» Entries provided:
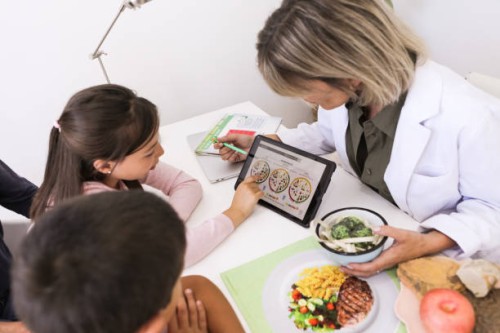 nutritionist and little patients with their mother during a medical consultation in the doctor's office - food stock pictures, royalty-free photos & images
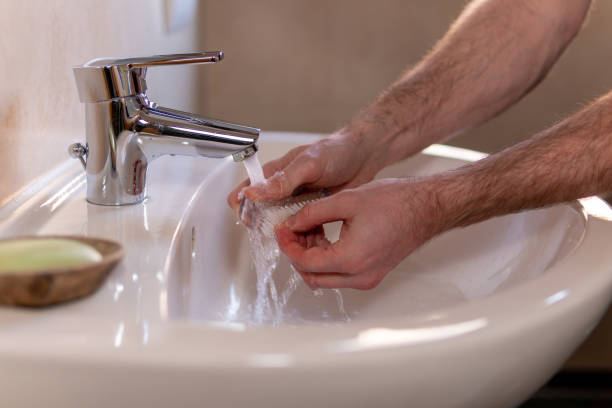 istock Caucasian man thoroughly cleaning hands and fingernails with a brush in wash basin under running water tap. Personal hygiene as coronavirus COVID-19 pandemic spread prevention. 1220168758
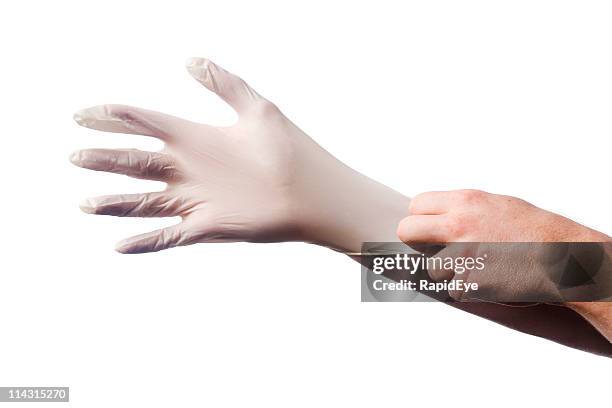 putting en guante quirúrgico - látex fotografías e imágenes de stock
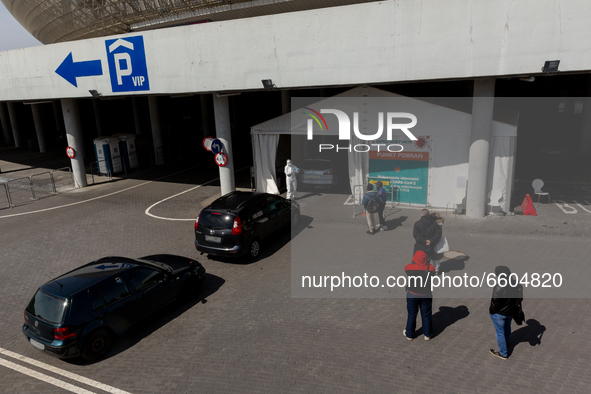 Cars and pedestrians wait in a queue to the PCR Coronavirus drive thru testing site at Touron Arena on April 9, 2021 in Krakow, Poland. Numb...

* * *

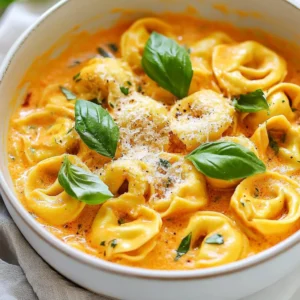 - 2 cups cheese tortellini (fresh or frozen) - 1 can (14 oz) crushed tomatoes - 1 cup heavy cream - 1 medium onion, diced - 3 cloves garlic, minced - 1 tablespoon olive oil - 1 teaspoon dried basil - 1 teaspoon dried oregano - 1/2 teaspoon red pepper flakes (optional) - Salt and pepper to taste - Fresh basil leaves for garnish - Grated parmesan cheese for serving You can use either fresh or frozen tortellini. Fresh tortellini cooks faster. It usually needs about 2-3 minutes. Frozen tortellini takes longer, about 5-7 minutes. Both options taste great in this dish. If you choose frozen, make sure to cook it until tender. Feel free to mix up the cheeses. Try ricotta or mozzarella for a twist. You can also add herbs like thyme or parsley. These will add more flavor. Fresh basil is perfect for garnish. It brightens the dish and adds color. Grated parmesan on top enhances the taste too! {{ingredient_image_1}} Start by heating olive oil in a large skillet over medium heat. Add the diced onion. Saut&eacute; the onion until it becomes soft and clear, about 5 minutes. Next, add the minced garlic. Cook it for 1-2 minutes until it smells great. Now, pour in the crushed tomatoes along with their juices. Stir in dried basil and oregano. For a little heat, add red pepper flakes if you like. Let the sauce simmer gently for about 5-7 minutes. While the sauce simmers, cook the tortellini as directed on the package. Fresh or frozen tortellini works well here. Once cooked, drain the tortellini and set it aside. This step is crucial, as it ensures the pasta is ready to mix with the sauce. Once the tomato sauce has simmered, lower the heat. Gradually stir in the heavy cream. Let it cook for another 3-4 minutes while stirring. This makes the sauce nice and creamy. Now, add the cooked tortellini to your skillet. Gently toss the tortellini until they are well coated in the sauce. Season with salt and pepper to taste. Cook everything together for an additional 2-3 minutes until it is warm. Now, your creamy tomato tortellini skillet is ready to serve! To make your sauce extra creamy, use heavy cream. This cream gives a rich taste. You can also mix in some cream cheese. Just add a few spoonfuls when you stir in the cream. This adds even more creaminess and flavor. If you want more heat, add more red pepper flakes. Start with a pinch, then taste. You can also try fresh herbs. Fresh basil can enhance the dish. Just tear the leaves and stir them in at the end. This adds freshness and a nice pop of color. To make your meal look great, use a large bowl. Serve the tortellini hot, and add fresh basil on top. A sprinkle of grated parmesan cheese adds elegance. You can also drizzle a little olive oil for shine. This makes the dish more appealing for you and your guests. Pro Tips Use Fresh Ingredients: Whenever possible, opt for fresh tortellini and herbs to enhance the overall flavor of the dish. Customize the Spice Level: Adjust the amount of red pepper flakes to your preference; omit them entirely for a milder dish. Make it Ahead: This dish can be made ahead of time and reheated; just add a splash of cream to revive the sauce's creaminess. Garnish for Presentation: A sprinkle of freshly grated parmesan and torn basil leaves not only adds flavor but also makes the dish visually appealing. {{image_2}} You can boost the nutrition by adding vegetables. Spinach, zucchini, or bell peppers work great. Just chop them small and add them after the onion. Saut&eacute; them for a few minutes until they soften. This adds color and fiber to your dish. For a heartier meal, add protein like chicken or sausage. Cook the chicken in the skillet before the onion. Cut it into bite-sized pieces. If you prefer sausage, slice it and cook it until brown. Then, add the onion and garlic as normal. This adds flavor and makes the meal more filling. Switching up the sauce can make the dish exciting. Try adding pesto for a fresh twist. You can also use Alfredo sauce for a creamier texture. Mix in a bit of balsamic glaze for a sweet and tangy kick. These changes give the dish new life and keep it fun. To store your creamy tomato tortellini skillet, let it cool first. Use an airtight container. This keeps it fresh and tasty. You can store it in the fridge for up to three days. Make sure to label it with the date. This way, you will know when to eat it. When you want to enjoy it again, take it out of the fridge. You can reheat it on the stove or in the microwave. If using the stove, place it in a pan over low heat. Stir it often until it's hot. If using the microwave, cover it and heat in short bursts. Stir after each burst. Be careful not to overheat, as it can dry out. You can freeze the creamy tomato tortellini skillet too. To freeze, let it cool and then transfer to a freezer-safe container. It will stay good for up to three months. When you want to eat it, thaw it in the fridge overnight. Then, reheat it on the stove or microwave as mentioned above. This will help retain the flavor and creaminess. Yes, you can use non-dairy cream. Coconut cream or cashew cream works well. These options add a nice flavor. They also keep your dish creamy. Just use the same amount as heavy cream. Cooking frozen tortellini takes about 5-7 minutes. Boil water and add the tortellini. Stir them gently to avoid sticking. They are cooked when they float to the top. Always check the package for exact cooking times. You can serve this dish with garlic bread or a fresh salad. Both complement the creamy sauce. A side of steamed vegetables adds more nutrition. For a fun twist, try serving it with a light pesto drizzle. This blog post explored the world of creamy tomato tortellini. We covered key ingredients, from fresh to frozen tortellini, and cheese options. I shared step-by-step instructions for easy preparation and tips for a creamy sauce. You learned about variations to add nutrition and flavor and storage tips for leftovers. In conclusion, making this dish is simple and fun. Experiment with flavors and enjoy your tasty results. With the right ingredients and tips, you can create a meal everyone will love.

» Task prompt: To complete this exercise, transcribe exactly the lines above from the one that holds "nutritionist and little" through the one that holds "putting en guante". Pictures stay out.

» Exercise solution:
 nutritionist and little patients with their mother during a medical consultation in the doctor's office - food stock pictures, royalty-free photos & images
 istock Caucasian man thoroughly cleaning hands and fingernails with a brush in wash basin under running water tap. Personal hygiene as coronavirus COVID-19 pandemic spread prevention. 1220168758
 putting en guante quirúrgico - látex fotografías e imágenes de stock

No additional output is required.